The Kerala Fibre Optic Network (KFON), which aims to provide quality internet at reasonable rates to the poor and free internet to BPL families, will take longer to complete due to Covid-19.
Kerala: Kerala government’s ‘revolutionary’ KFON initiative, which was supposed to provide free internet to 20 lakh citizens by December 2020, has been delayed because of the pandemic.
During these tough times, some of the poor families in Kerala who had hoped for a better future with the help of the KFON project are still struggling due to the digital divide. As schools have shifted to online classes, digital devices have become essential for children. They will have to wait for a longer period of time to receive the benefits.
Sajith Raghavan, resident of Thalaserry said, “Our district is yet to be covered by the KFON project. Children who take online classes, need high-speed internet; their studies cannot be hampered by a poor connection. Our wifi is often unstable, making it difficult for my children to attend their online classes.’’
Since its launch in May 2020, the KFON network has connected over 1000 government offices in seven districts providing them with high-speed connectivity. It was established with an aim of connecting 30,000 plus government institutions, as well as providing free internet to economically disadvantaged families and subsidised internet to others. The project’s first phase was launched in the districts of Ernakulam, Thrissur, Palakkad, Pathanamthitta, Alappuzha, Kollam, and Thiruvananthapuram to help connect users in government colleges, hospitals and offices first.
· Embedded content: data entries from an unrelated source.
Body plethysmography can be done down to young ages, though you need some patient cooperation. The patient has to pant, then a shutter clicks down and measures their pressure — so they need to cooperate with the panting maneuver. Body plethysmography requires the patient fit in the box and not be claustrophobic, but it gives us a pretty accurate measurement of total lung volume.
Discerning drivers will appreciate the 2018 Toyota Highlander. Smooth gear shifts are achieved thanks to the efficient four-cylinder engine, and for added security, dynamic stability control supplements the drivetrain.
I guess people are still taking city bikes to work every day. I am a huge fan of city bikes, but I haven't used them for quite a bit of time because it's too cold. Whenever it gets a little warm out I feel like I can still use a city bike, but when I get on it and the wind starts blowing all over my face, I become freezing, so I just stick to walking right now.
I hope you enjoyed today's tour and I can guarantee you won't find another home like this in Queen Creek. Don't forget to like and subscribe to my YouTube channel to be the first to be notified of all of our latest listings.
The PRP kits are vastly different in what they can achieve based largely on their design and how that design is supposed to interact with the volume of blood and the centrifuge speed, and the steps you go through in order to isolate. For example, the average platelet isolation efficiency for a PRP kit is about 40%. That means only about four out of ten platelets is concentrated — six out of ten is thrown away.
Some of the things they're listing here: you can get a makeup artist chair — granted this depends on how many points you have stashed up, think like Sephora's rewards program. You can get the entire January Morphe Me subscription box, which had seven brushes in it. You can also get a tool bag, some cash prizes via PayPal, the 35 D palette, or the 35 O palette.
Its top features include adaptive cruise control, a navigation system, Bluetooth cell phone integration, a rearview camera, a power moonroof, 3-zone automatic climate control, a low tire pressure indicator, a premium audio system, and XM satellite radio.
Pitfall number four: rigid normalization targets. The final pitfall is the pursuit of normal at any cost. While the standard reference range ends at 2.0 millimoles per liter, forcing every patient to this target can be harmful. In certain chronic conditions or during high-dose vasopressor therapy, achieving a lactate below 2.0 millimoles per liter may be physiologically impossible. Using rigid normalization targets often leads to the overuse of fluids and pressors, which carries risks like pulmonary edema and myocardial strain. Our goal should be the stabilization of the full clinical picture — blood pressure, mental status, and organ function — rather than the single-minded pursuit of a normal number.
Moses Rajkumar, Project Head of KFON said, “Due to the pandemic and political transition, our project will take more time to complete. In the first phase, we will bind government schools and colleges, but expanding to all districts will take time. During this time, it is difficult to find workers. The second phase of our project will begin as soon as possible. The BPL families will get internet connection in the second phase.’’
Kerala Chief Minister (CM) Pinarayi Vijayan said at the project’s launch that it would help the state transition to a knowledge economy and become an information technology hub. He also said that this initiative would bridge the state’s digital divide and push it to new heights of development by connecting both homes and offices to an optical fibre network. The CM had also informed that a 35,000-kilometer-long optical fibre network is being laid throughout the state’s 14 districts and this will be the world’s largest, once completed.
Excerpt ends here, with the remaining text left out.